Introduction

In this capstone project, we are working on understanding and building predictive text models like those used by SwiftKey. When someone types a word, the keyboard presents several options for what the next word might be. Throughout this milestone report (week2 of the capstone project), I’ll try to demonstrate that I successfully loaded the data into my R workspace, and will present, step by step, the techniques used to clean the data and to build the corpus (based on the 3 documents provided : blogs, news and twitter). The tokenization was the key process in this work so far. It’s the process of breaking a stream of text up into words or phrases, or other meaningful elements called tokens. The list of tokens becomes input for advanced exploratory analysis or any further post-processing. I will display plots and tables of the main results and interesting facts so we can understand better the corpus.

Libraries

These libraries have been added as and when needed

library(tm)
library(SnowballC)
library(RWeka)
library(ngram)
library(ggplot2)
library(cowplot)
library(wordcloud)

Load the data

Our training data (can be downloaded from the below link) is an english data base, composed from 3 text documents (blogs, news and twitter) link

setwd("D:/MOOC/Data science Specialization/C10 - Data science capstone project/Original Dataset/final")
#Reading the file "en_US.blogs.txt"
file1 <- "en_US/en_US.blogs.txt"; con <- file(file1,open = "rb")
usblog <- readLines(con, skipNul = TRUE); close(con)
#Reading the file "en_US.news.txt"
file2 <- "en_US/en_US.news.txt"; con <- file(file2,open = "rb")
usnews <- readLines(con,skipNul = TRUE); close(con)
#Reading the file "en_US.twitter.txt"
file3 <- "en_US/en_US.twitter.txt"; con <- file(file3,open = "rb")
ustwitter <- readLines(con,skipNul = TRUE); close(con)

Calculate the main statistics

In this section, we will calculate : - The length of the longest line in each data set - The total number of words in each data set - The max number of words/line in each data set and plot a table with main statistics of the documents

nblines <- sapply(list(usblog,usnews,ustwitter),length)
nbchar <- sapply(list(usblog,usnews,ustwitter),nchar)
stat_sum <- cbind(c("blog","news","twitter"),nblines,sapply(nbchar,sum),sapply(nbchar,max))
stat_table <- as.data.frame.array(stat_sum)
colnames(stat_table) <- c("file","Nb_lines","Nb_words","Max_WpL")

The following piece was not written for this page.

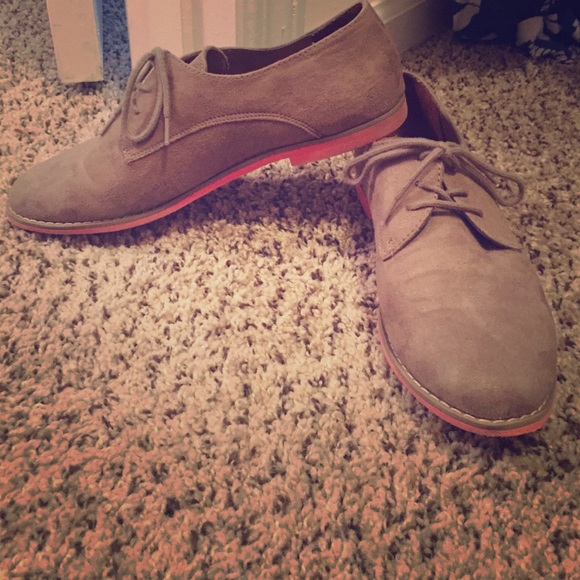 🔴SOLD🔴Brown suede oxfords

Table of basic summaries (words and lines counts)

knitr::kable(stat_table)

file	Nb_lines	Nb_words	Max_WpL
blog	899288	208361438	40835
news	1010242	203791405	11384
twitter	2360148	162385035	213

Given that the tweet is limited in characters number, hence, we noticed that is the data set with the fewest words per line

Sampling, building the corpus and cleaning

Due to the limited computational capacity of my machine, and the huge number of words available in each document, we will perform a “random sampling” of our data (keep only 5% of the original data). Then, we’ll tackle the cleaning task using the transformations of the “tm” package, and finally, we’ll combine the 3 data bases to build our corpus. But first, we remove all non-english words :

usblog_en <- sapply(usblog,function(word) iconv(word, "latin1", "ASCII", sub=""))
usnews_en <- sapply(usnews,function(word) iconv(word, "latin1", "ASCII", sub=""))
ustwitter_en <- sapply(ustwitter,function(word) iconv(word, "latin1", "ASCII", sub=""))
#Re-calculating the total number of words
nbchar_en <- sapply(list(usblog_en,usnews_en,ustwitter_en),nchar)
sapply(nbchar_en,sum)

## [1] 206043906 202917604 161961555

The number of words has decreased, but not in a relevant percentage (less than 1%)

Sampling the data

set.seed(111); blog <- sample(usblog_en,length(usblog_en)*0.05)
set.seed(222); news <- sample(usnews_en,length(usnews_en)*0.05)
set.seed(333); twitter <- sample(ustwitter_en,length(ustwitter_en)*0.05)

Build the corpus

corpus <- VCorpus(VectorSource(c(blog,news,twitter)),readerControl=list(reader=readPlain,language="en"))

Clean the data

Cleaning the data is the one of the most steps in analysis.The tm package offers a number of transformations that ease the data cleaning process

We often use underscores (especially in twitter) and hyphens without spaces between the words separated by them. Using the removePunctuation transform without fixing this will cause the two words on either side of the symbols to be combined. So we need to fix this first before considering any transformations.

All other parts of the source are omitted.